───── Supplied information ─────

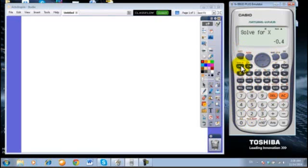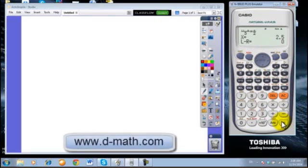Shift calc, equal 2.5, the solution of the new equation. Thank you.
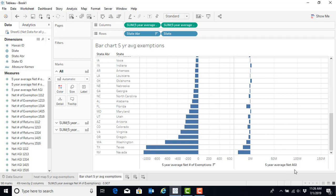Well, fortunately, because we had put both labels into our heat map, we also have the five year average net AGI available to us.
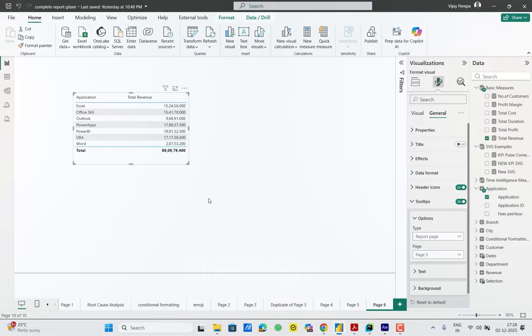As of now this visual only can showcase display profit margin related KPI. But if I want to use this for any other KPI, for example I am starting.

─────

## Exercise aim
The data must be repeated exactly. Any pictures in it are to be left out.

## Task answer
Shift calc, equal 2.5, the solution of the new equation. Thank you.
Well, fortunately, because we had put both labels into our heat map, we also have the five year average net AGI available to us.
As of now this visual only can showcase display profit margin related KPI. But if I want to use this for any other KPI, for example I am starting.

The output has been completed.